Um projeto socialista para reforçar o papel do Parlamento no combate à pobreza foi debatido, esta quinta-feira. Os deputados da maioria e os do PS entraram numa “guerra” de números, acusando-se mutuamente de terem promovido essa pobreza.

Apesar do apelo do deputado socialista Vieira da Silva, que afirmou que quem votar contra o projeto está a “responder negativamente ao apelo da sociedade” e a não assumir o papel do Parlamento como “casa do povo e da democracia”, apenas os “Verdes” e o Bloco de Esquerda disseram que iam votar a favor. Uma votação que deverá acontecer na sexta-feira.

O projeto de deliberação do PS tem como objetivo reforçar a capacidade da Assembleia da República no acompanhamento e monitorização da pobreza. Sobre a existência dessa pobreza e sobre o seu aumento ninguém discordou.

Vieira da Silva salientou que um milhão de portugueses “viu cair 25% do seu rendimento entre 2009 e 2013”. E Pedro Lopes, também do PS, falou de outros números, de 640 mil crianças em situação de pobreza, de desemprego, de exclusão social.

Mas para o PSD estes discursos não mostraram "respostas concretas" para os problemas.
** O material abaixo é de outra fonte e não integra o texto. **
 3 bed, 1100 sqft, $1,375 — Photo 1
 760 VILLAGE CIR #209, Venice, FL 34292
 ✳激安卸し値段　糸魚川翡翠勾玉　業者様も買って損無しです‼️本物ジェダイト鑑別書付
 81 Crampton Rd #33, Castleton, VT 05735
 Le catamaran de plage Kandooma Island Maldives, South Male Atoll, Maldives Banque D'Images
O social-democrata Arménio Santos afirmou que os indicadores apresentados referem-se apenas ao ano de 2013, o pior da crise portuguesa, sublinhando que, agora, “o desemprego já não é mesmo” e “a realidade é bem diferente”.

A mesma posição foi vincada por Inês Teotónio Pereira, do CDS-PP, e por Adão e Silva, ainda do PSD, com este último a dizer que o principal responsável pelo aumento da pobreza foi o PS, no tempo do Governo de José Sócrates.
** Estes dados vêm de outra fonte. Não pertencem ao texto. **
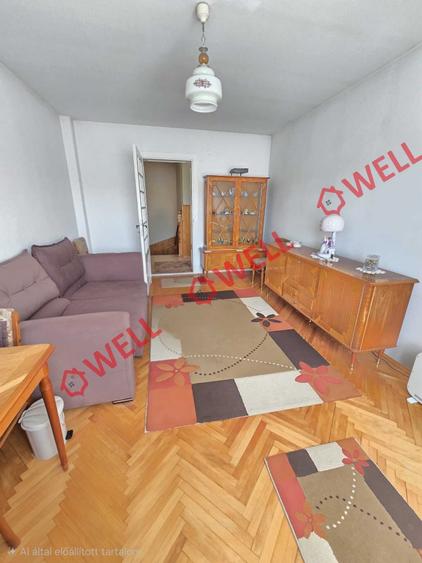 Casă individuală cu 5 camere cu Teren 1940 Mp în Periferie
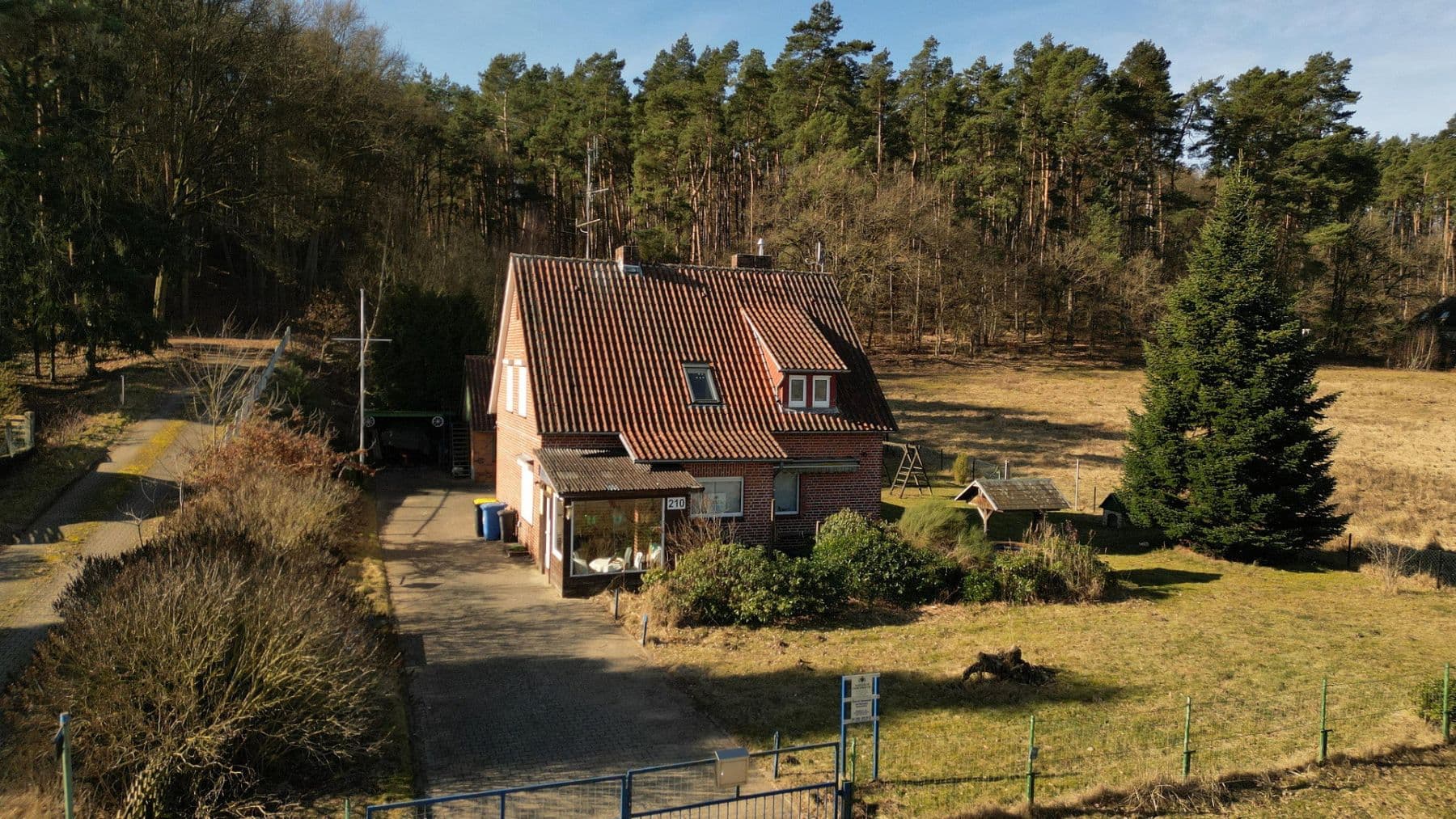 Prodej domu 136 m², pozemek 2.119 m², Elbuferstraße 210, Neu Darchau, Dolní Sasko Prodej domu 136 m², pozemek 2.119 m², Elbuferstraße 210, Neu Darchau, Dolní Sasko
“O aumento da pobreza nos últimos anos foi a consequência direta da vossa prosápia governativa. Vocês são os pais e a mães dessa pobreza que hoje criticam.”
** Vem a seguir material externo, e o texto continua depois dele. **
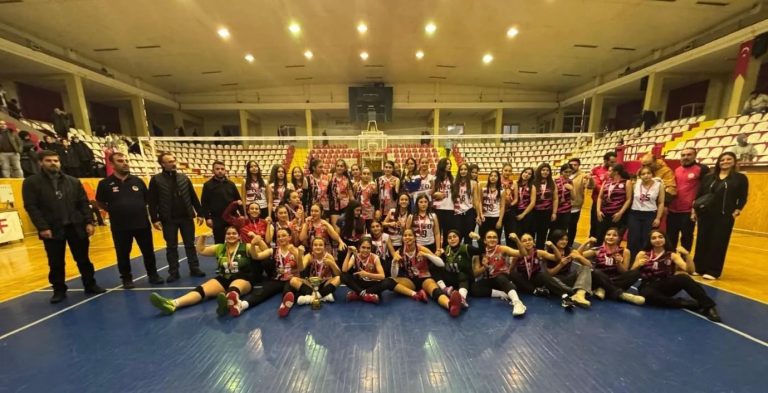 Sivas'ta Okul Sporları faaliyetleri kapsamında düzenlenen Küçük Kızlar Voleybol İl Birinciliği müsabakaları, 4 Eylül Spor Salonumuzda sona erdi. sivasgazetehaber radyobora 2
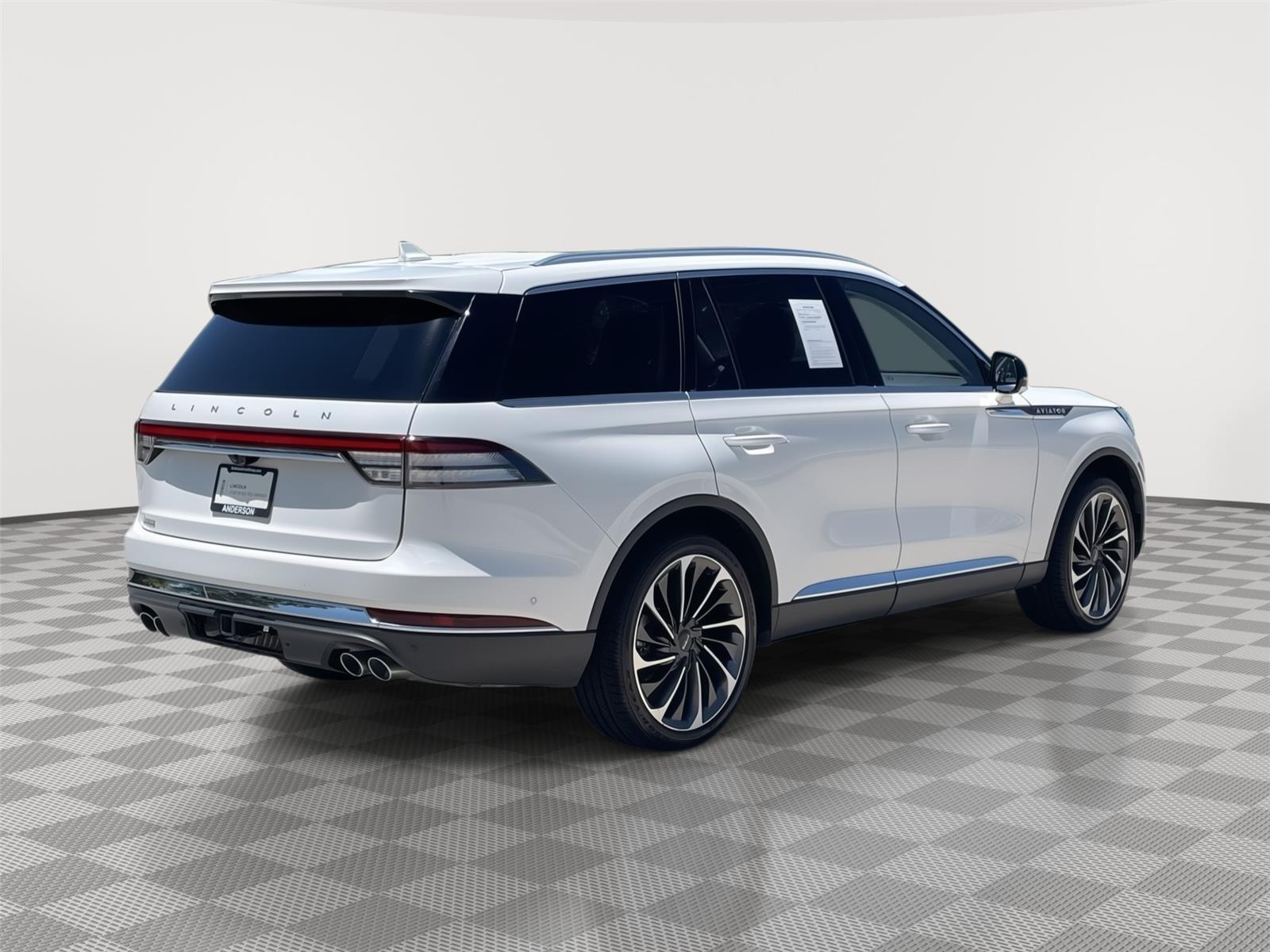 Vehicle photo 7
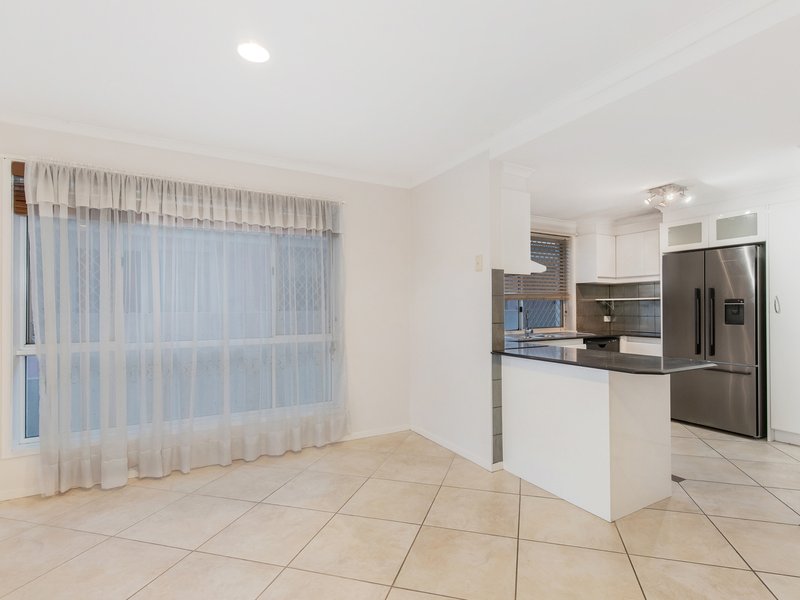 Photo - 38 Emerton Crescent, Robina QLD 4226 - Image 13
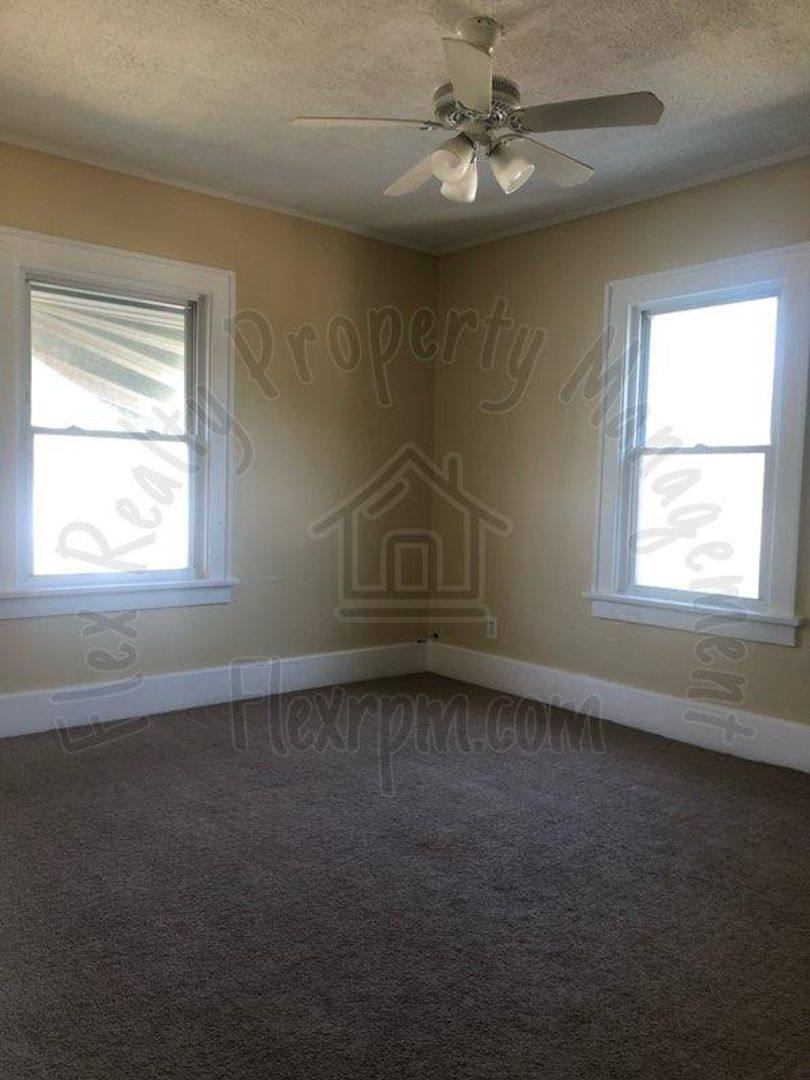 2054 Wyndhurst, Toledo, OH 43607 - House for Rent - Image 4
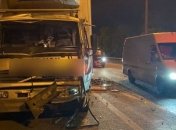 На автодороге Киев - Чоп близ столицы столкнулись грузовик и автобус с пассажирами: подробности (фото)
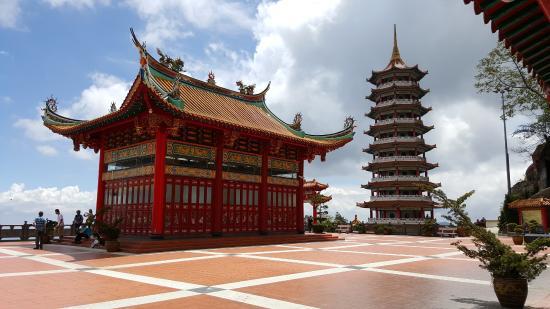 Chin Swee Mağara Tapınağı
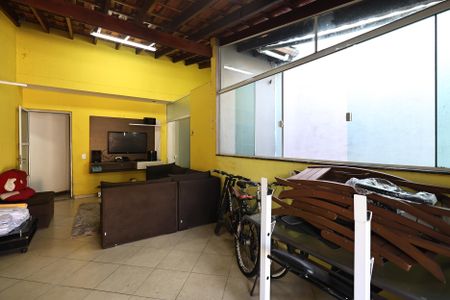 Apartamento à venda com 110m², 2 quartos e 2 vagasCobertura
O centrista Hugo Almeida apoiou esta mesma ideia.

“Podem estar agora preocupados com a pobreza mas foram os senhores que a trouxeram”.


Na troca de acusações os partidos mais à esquerda colocaram PS e PSD/CDS-PP no mesmo patamar, acusando-os de serem com as suas políticas os principais responsáveis. O comunista David Costa, por exemplo, disse que a pobreza não pode ser desligada de decisões tomadas no passado, resultado de opções políticas do atual Governo e do PS.

Jorge Machado e Rita Rato, também do PCP, perguntaram ao PS que compromissos assume nesta matéria caso ganhe as próximas eleições. E Mariana Aiveca, do Bloco de Esquerda, quis saber também propostas concretas, até porque o papel maior da Assembleia é produzir leis e leis que podem diminuir o flagelo da pobreza.